IASSIST Regional Report 2003-04 Australia

Sophie Holloway
Australian National University
May 2004

After a recent hiatus in data preservation and sharing issues, 2003-04 saw a growing interest in the region.

In Australia, the Australian Social Science Data Archive looks to expand, with a Qualitative Data Archive set to open in 2005 at the University of Queensland, and an Administrative Data Archive planned to open that same year at the University of New South Wales. These archives will all come under the banner of the ASSDA and will better serve both the qualitative and economic researchers who have not been well served through the current data archive.

ASSDA has also adopted NESSTAR, and while currently it serves our most popular, unrestricted files, we are hoping to have a partially automated data distribution system by 2005.

Great breakthroughs have also been made this year regarding access to government data through the Australian Bureau of Statistics (ABS). Since 1999, ABS have allowed access to their Unit Record files through a system quite similar to the Canadian model. A recent development that might interest the IASSIST group is that overseas access is now possible, through their remote access data laboratory. All an international researcher need do is have an affiliation with an Australian university to access over 50 unit record files, including the latest Census.

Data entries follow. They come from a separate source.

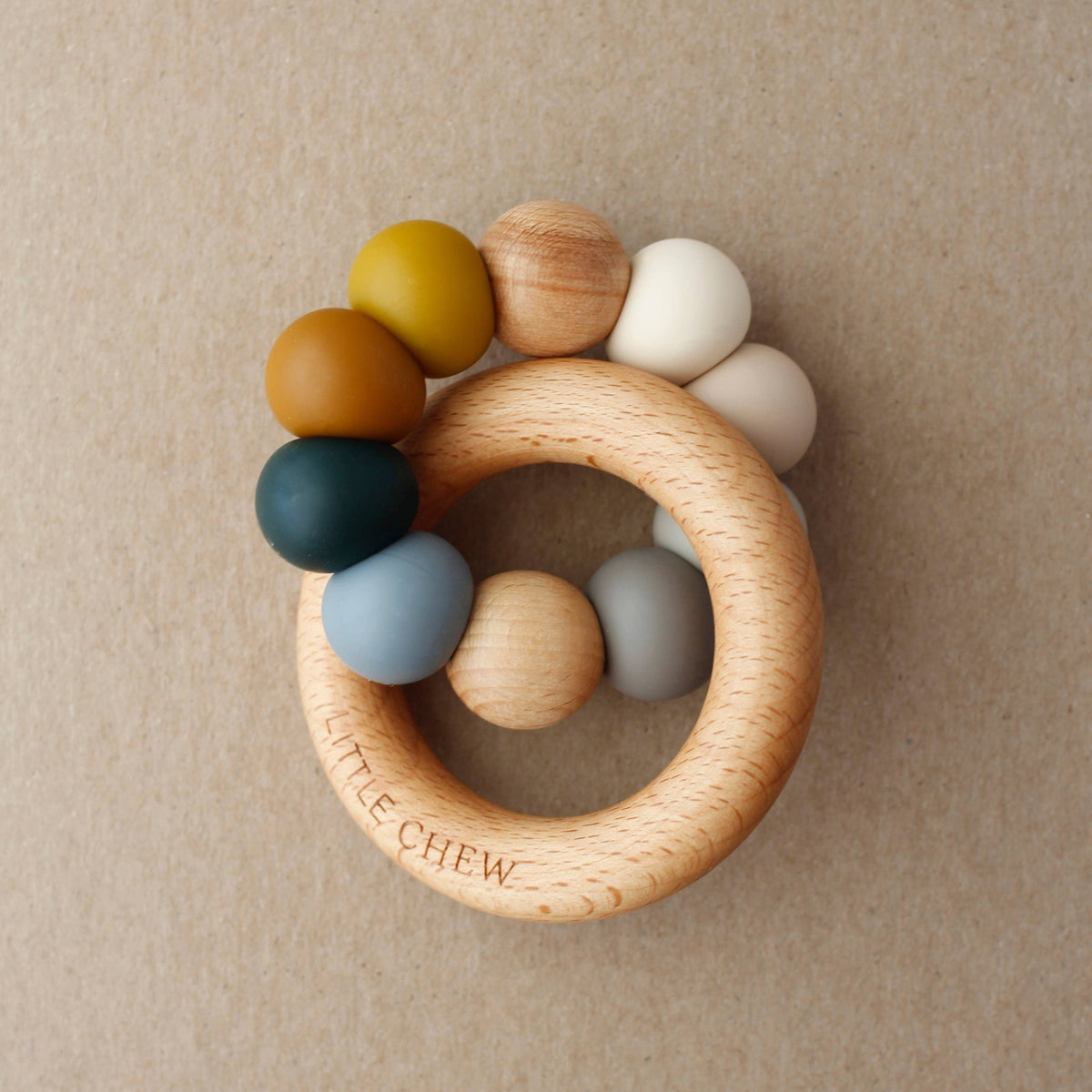 Wooden teething ring with colorful beads on a beige background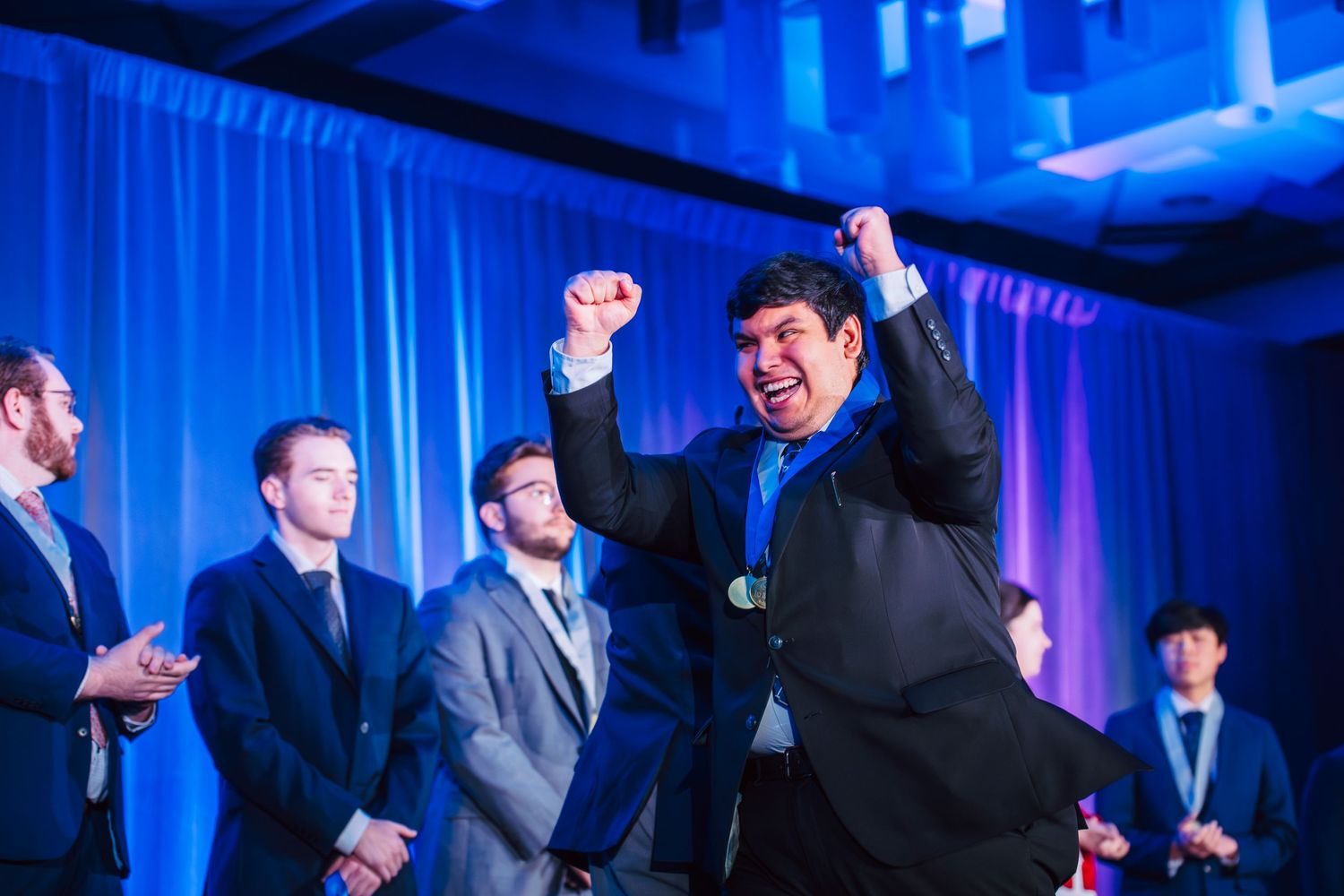 Man celebrating with raised fists at formal event, others in suits applauding on stage with blue lighting.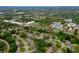 Aerial view displaying the neighborhood's proximity to Palmer College of Chiropractic and a community pool at 4029 N Waterbridge Cir, Port Orange, FL 32129
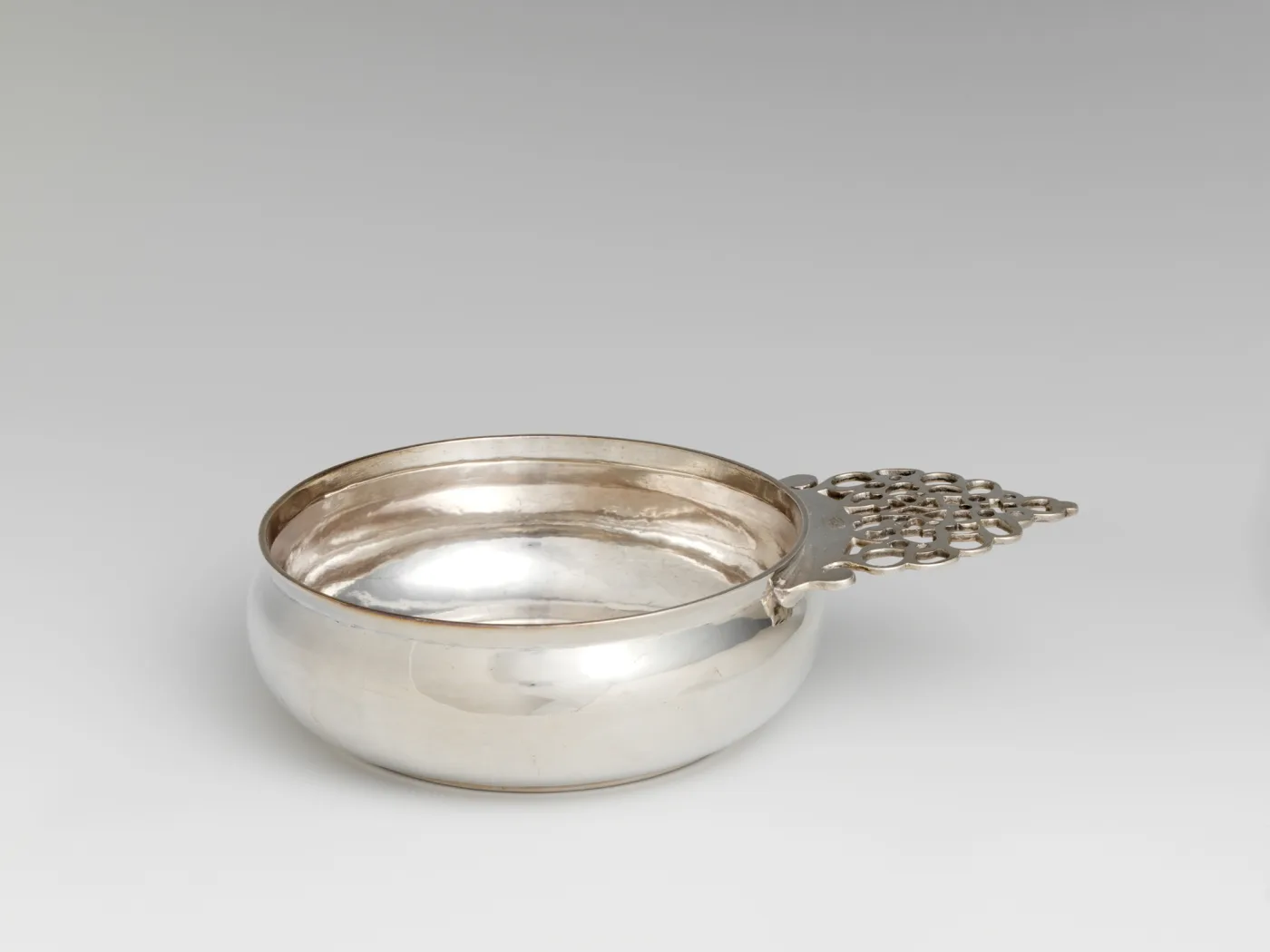 Silver porringer by Peter Van Dyck of New York with a broad handle pierced with rows of small circles across its whole area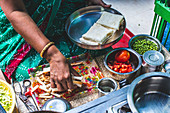 A woman preparing street food, India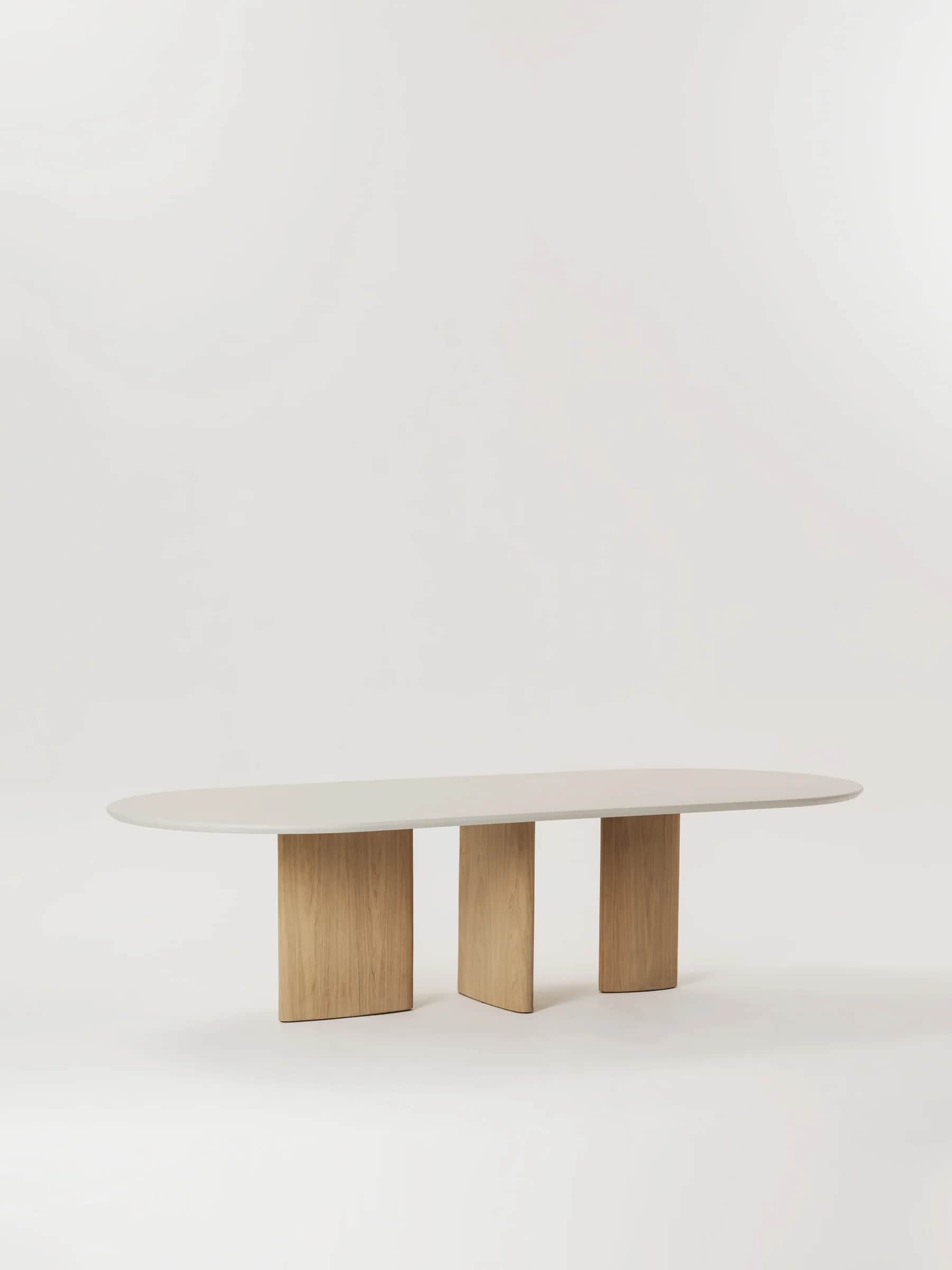 An oval-shaped dining table featuring a smooth, light grey tabletop and three substantial, solid woo… — free OBJ 3D model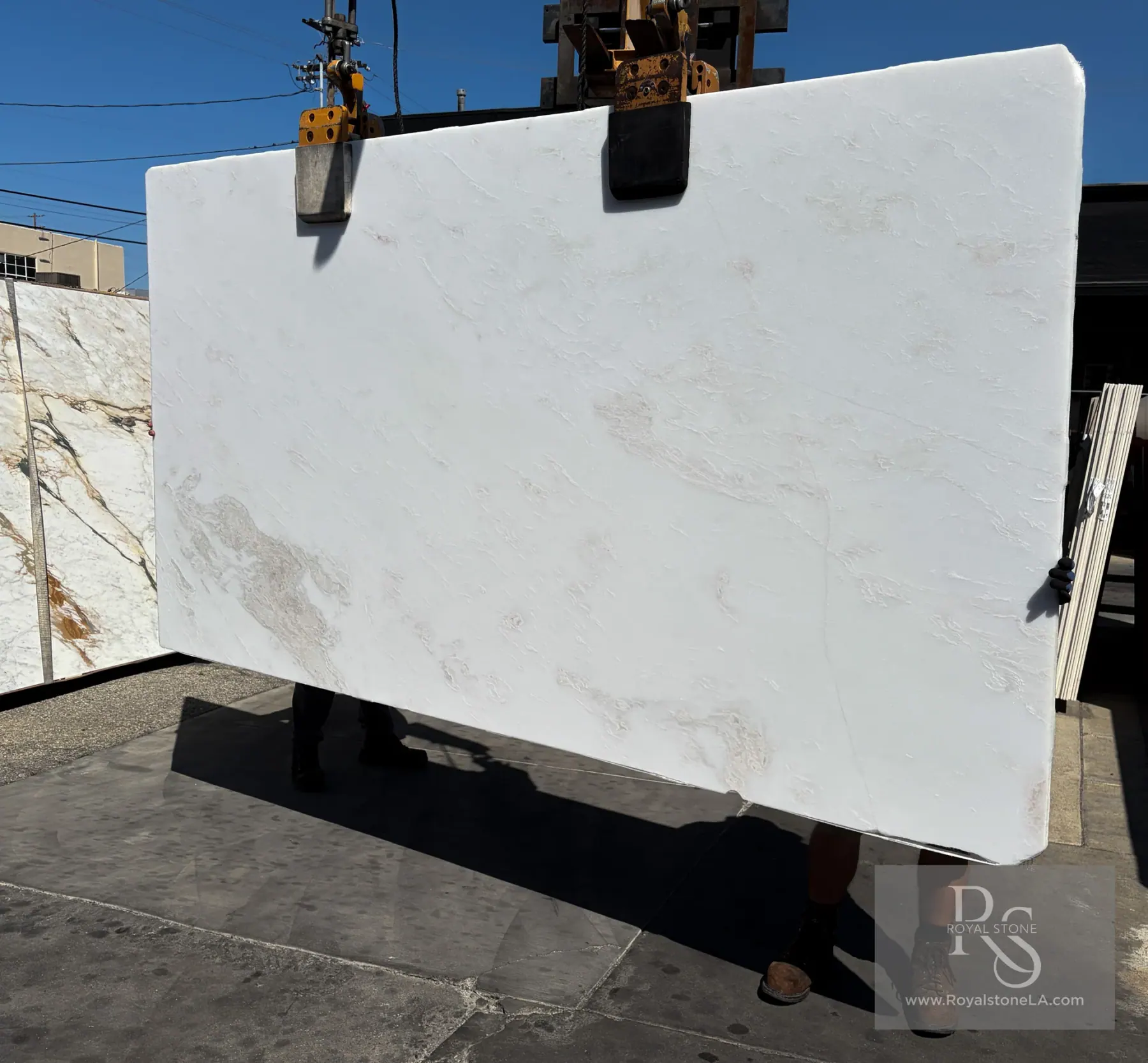 2cm Bianco Namibian Rhino White marble slab, 65 by 122 inches, honed finish, almost vein-free pure white field with the faintest grey and warm beige drift, lifted by crane against a clear blue sky at Royal Stone in Los Angeles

In 2003 I was invited, with my head of Centre Dr Deborah Mitchell, to speak at a number of workshops in New Zealand about the necessity of setting up a data archive and access to government data in New Zealand. I also spoke about the importance of joining IASSIST, and gaining the benefit of the years of experience and collegiate support that this organisation offers. Since then, we’ve had visitors from New Zealand to discuss the different ways that could be achieved, and the developments look very positive. Since the New Zealand Data Archive closed its doors in 1996, the Australian data archive has played a care taker role for much of the New Zealand data, and we are looking forward to being able to hand it back when New Zealand re-establishes this capacity.

Hopefully 2004-05 will see great developments being made in both data access and data distribution in the Australian region and I look forward to reporting back at Edinburgh 2005.